Are We Out of the Woods?

An Open Letter to Taylor Swift

Dear Ms. Swift,

I want to license “Out of the Woods (Taylor’s Version)” for our launch video. And I want to do it through a system that pays you fairly — not because you need the money, but because the same system needs to pay fairly when the artist is a single mom in Tulsa making beats on her phone.

That’s what this letter is actually about.

The Problem You Already Solved (For Yourself)

You’re re-recording your entire catalog because someone else owned your work. You fought Spotify when they wanted to pay fractions of pennies. You’ve spent a decade proving that artists can own their art and still succeed — if they have enough leverage.

But leverage comes from being Taylor Swift. Most musicians will never have it.

The kid uploading to SoundCloud. The cover band licensing songs for a local commercial.
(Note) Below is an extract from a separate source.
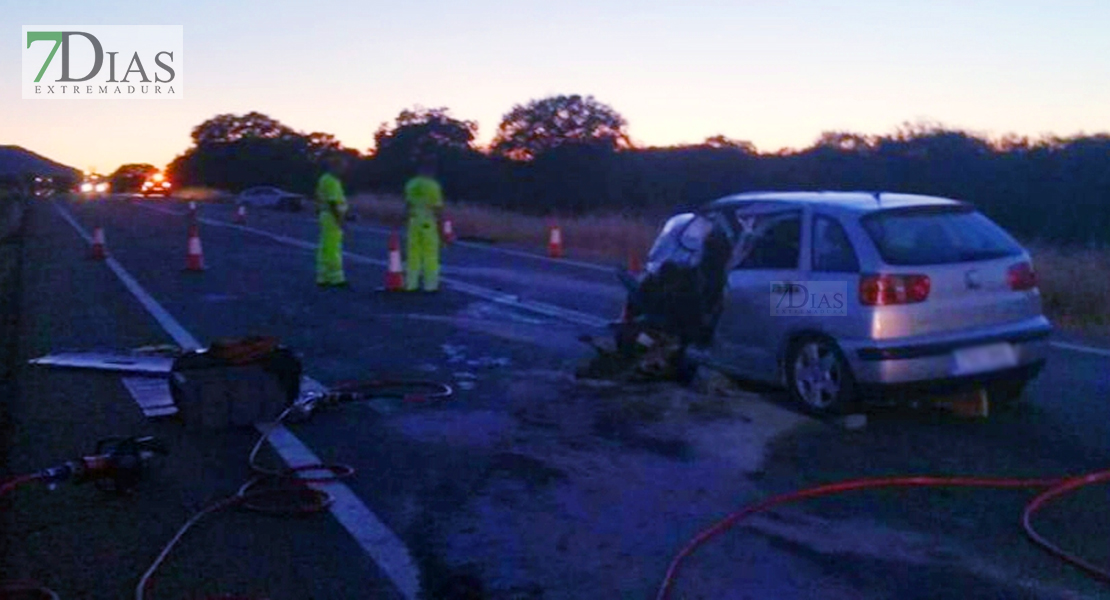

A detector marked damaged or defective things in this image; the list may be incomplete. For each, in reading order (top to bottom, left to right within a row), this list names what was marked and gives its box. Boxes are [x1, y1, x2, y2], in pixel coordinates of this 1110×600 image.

damaged silver car [620, 191, 1056, 412]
The indie artist whose song gets used in a YouTube video. They’re stuck choosing between exposure (no payment) and obscurity (no audience). The system gives them nothing because they have no leverage to demand anything.

What We Built

Liana Banyan includes a music licensing initiative built on one principle: every use pays, and the artist decides the terms.
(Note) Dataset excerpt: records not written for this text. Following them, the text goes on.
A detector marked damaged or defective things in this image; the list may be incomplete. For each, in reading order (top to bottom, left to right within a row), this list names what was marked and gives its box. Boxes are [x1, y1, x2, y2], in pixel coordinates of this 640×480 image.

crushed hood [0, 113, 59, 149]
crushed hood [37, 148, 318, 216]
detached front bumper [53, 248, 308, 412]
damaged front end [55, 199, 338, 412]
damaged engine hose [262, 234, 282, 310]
  • Transparent pricing. Artists set their rates. Licensees see exactly what they’re paying for.
  • Automatic splits. Collaborators, producers, songwriters — everyone’s share is coded in. No chasing royalties.
  • Ownership stays with creators. Licensing a song doesn’t transfer rights. Ever.
  • Blockchain verification. Every license, every payment, every use — independently verifiable.

Cost + 20%. That’s the platform margin. The rest goes to the people who made the music.

Proof of Concept: Bruck’lyn

We licensed Bruck’lyn’s “Moonshot” for our launch materials. Here’s what happened:

  • We paid through the platform
  • They kept 83%+ of the transaction
  • The license terms are on-chain, verifiable by anyone
  • No label took a cut. No distributor skimmed. No “administrative fees.”

That’s one transaction. Now imagine millions.

Why I’m Writing You

Not for a tweet. Not for an endorsement.

I’m asking you to take this initiative and run it.

You know every factor in music licensing — the labels, the publishers, the PROs, the streaming services, the lawyers, the loopholes. You’ve navigated all of it and won. You have relationships, credibility, and reach that I will never have.

I built the infrastructure. But I’m not the right person to lead a music licensing revolution. You are.

If you think this model is sound, it’s validated. If you think it’s flawed, I want to know why — so I can fix it. And if you think it could work but needs someone who actually understands the music industry to shape it — that’s exactly what I’m offering.

I’ll hand you the keys. Advisory role, board seat, full ownership of the initiative — whatever structure makes sense. The goal isn’t for me to run this. The goal is for it to exist and work.

The Specific Ask

  1. Review the model. The economics are at Cephas.LianaBanyan.org.
  2. Tell me what breaks. You’ve seen every way artists get screwed. Where does this fail?
  3. If it holds up — lead it. Or point me to someone who should.

And yes, I’d still like to license “Out of the Woods (Taylor’s Version).” Through the system, at whatever rate you set, with terms you control. That’s the whole point.

With respect for everything you’ve built and rebuilt,

Jonathan Jones Founding Manager, Liana Banyan Corporation November 2025

P.S. — You once said “I deserve to own what I make.” Now the infrastructure exists so Everyone Can - it just needs an expert Artist to run it.